■ Task
Please repeat the entire listing verbatim and keep the pictures out.

■ Record extracts
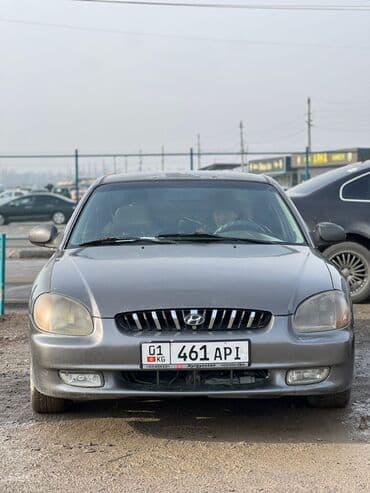 hyundai sonata 2005: Hyundai Sonata: 2000 г., 2 л, Механика, Газ, Седан — 1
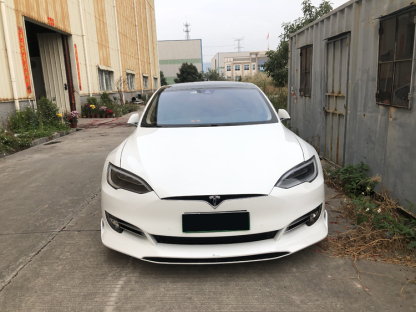 Tesla Model S Ocean Design Style Parts - styling view
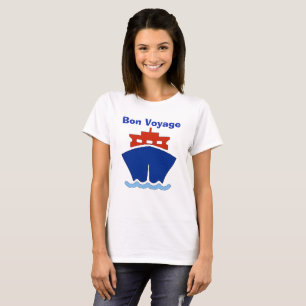 Bon Voyage, lägg till text T Shirt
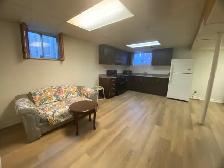 Basement for rent in Malton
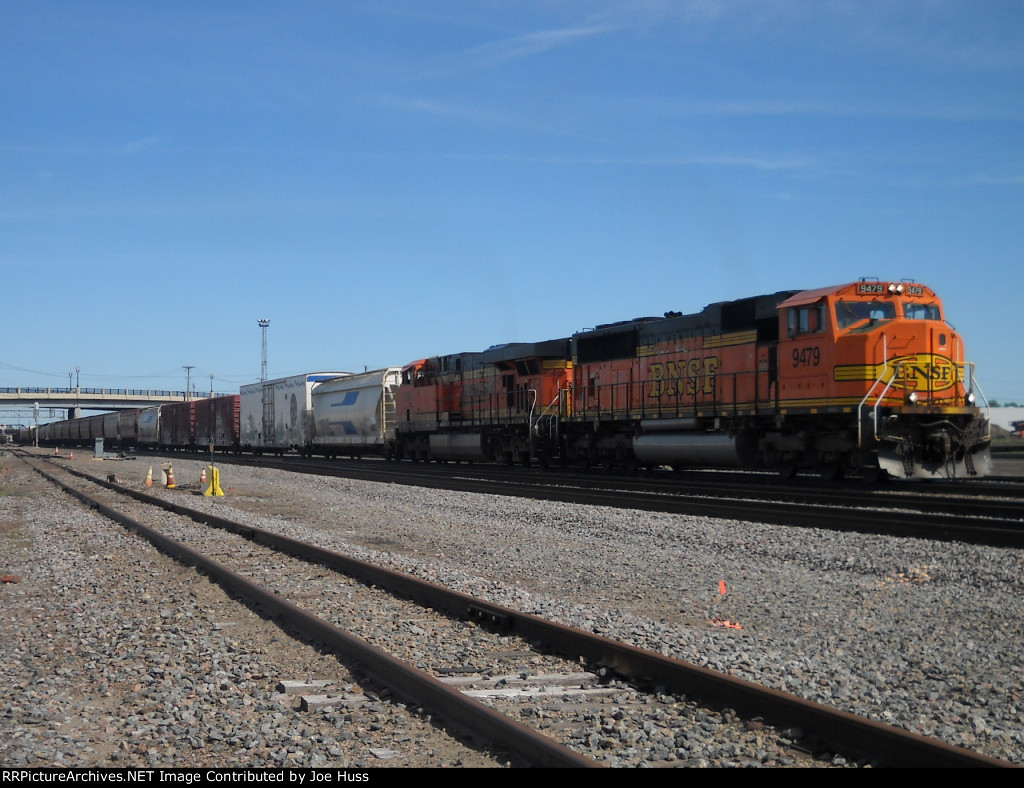 BNSF 9479 East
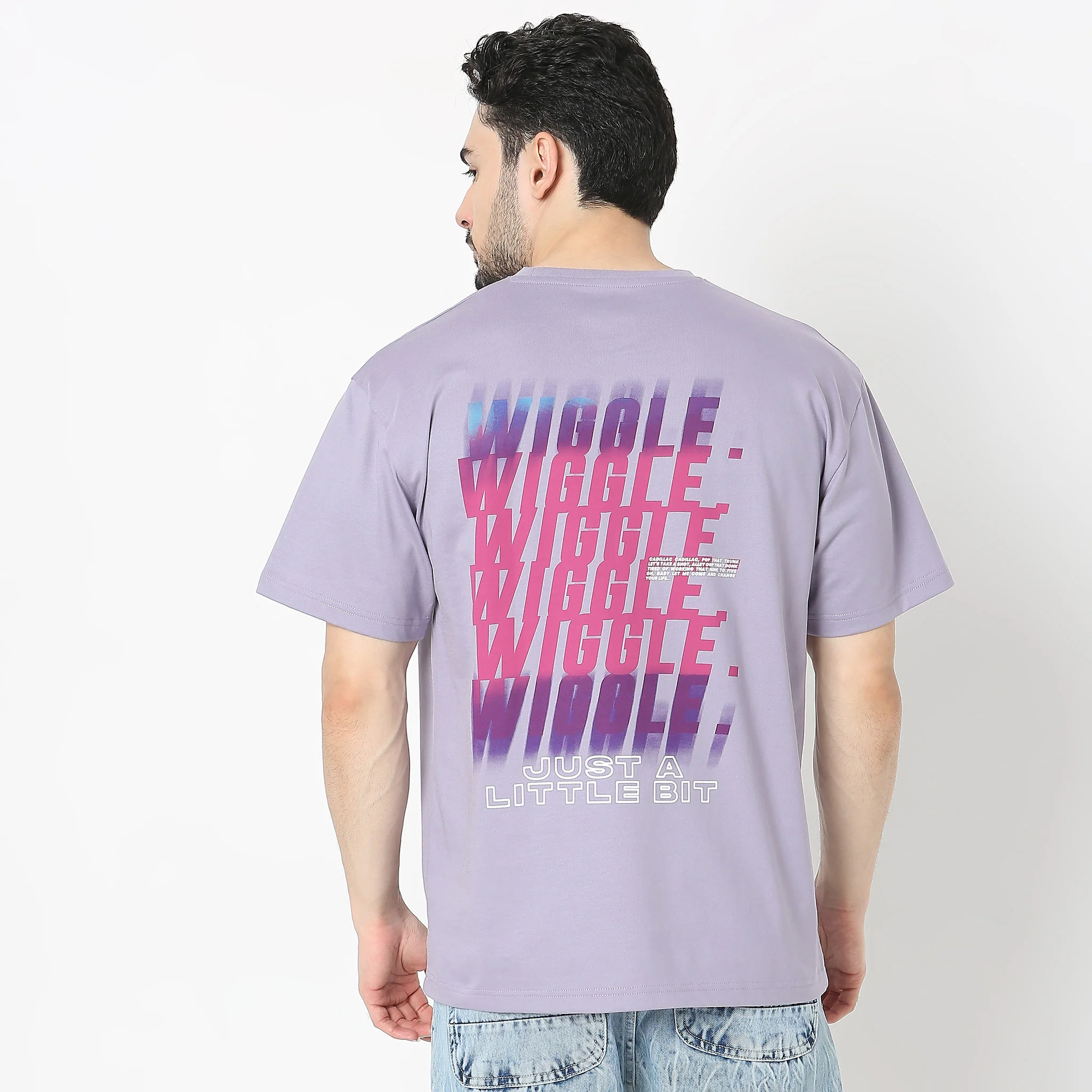 Oversize Graphic T-Shirt - Image 3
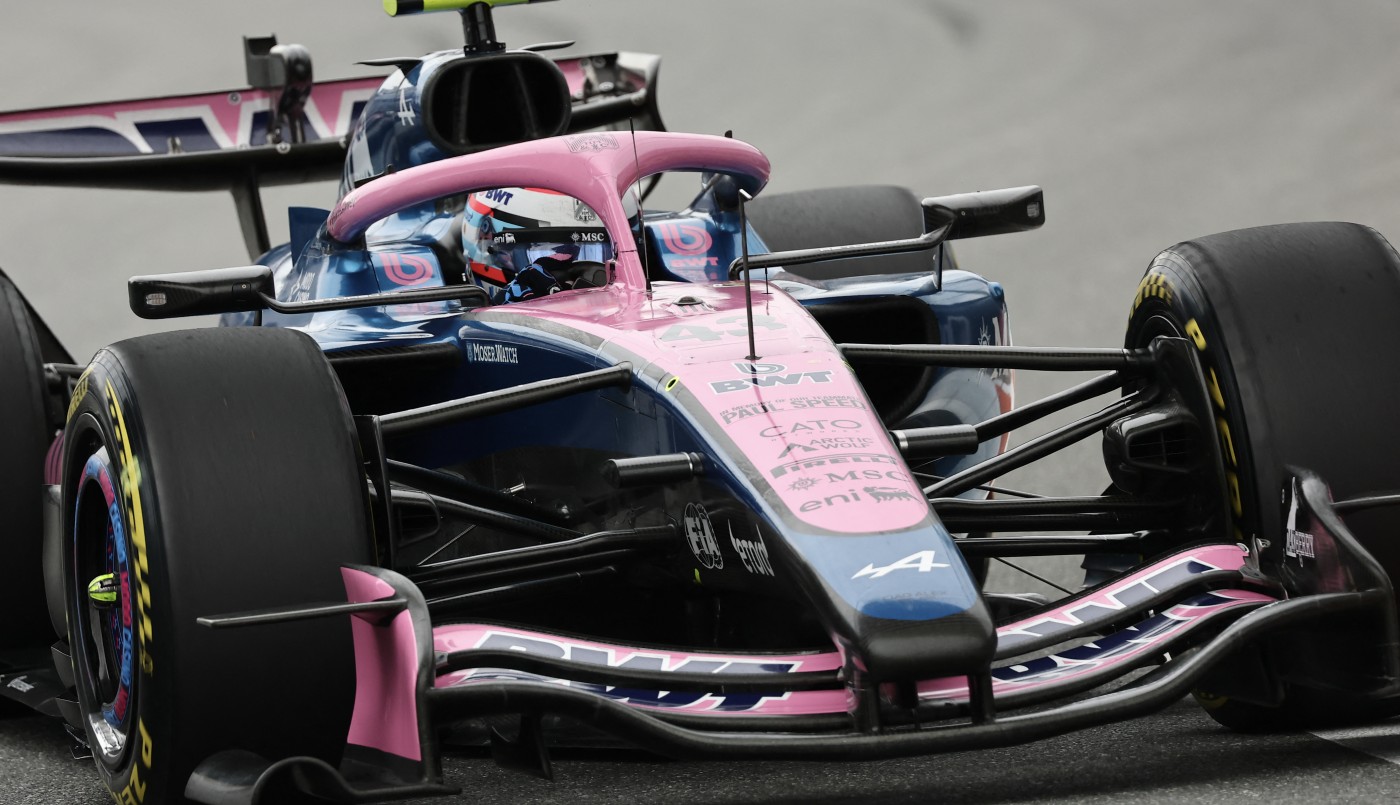Franco Colapinto largará 13° en la carrera sprint de este sábado | Deportes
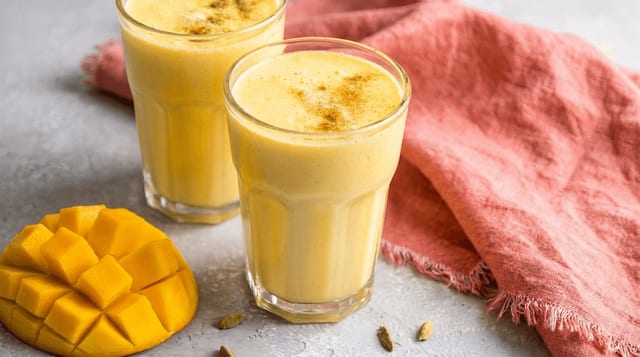Mango Lassi.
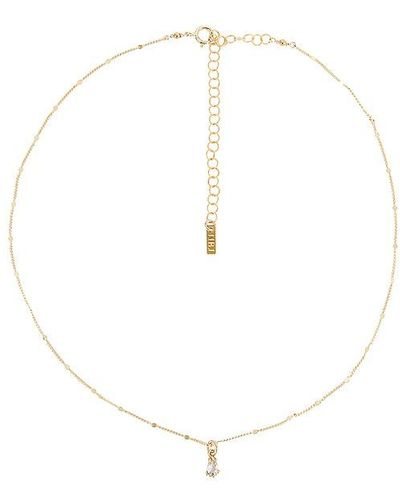 Natalie B. Jewelry Elsa Necklace - Metallic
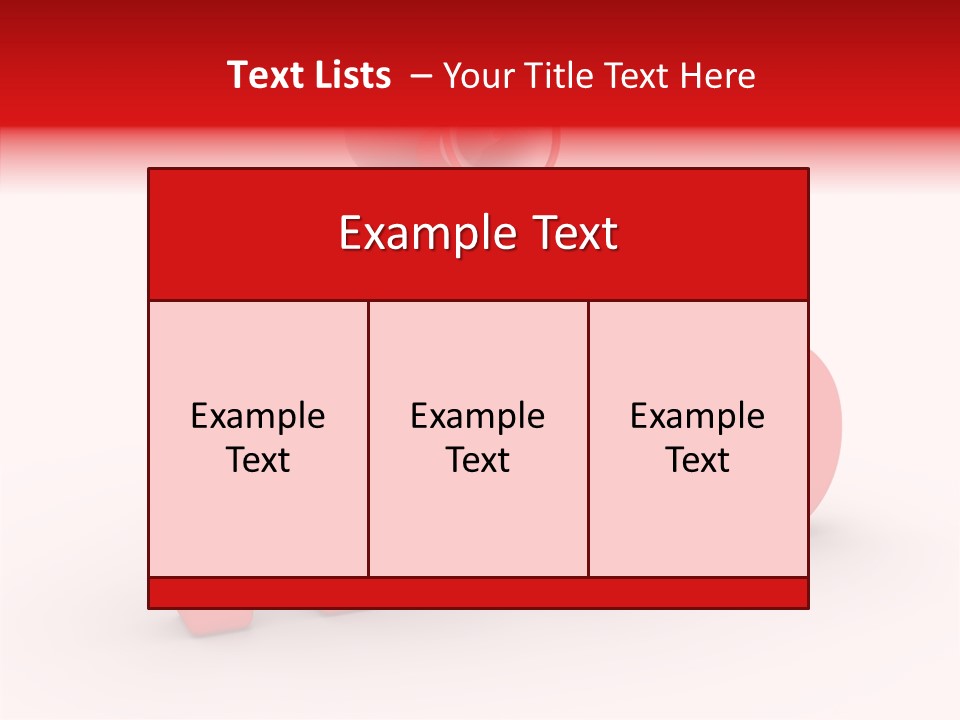 Successful Service Sign PowerPoint Template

■ Solved problem
 hyundai sonata 2005: Hyundai Sonata: 2000 г., 2 л, Механика, Газ, Седан — 1
 Tesla Model S Ocean Design Style Parts - styling view
 Bon Voyage, lägg till text T Shirt
 Basement for rent in Malton
 BNSF 9479 East
 Oversize Graphic T-Shirt - Image 3
Franco Colapinto largará 13° en la carrera sprint de este sábado | Deportes
Mango Lassi.
 Natalie B. Jewelry Elsa Necklace - Metallic
 Successful Service Sign PowerPoint Template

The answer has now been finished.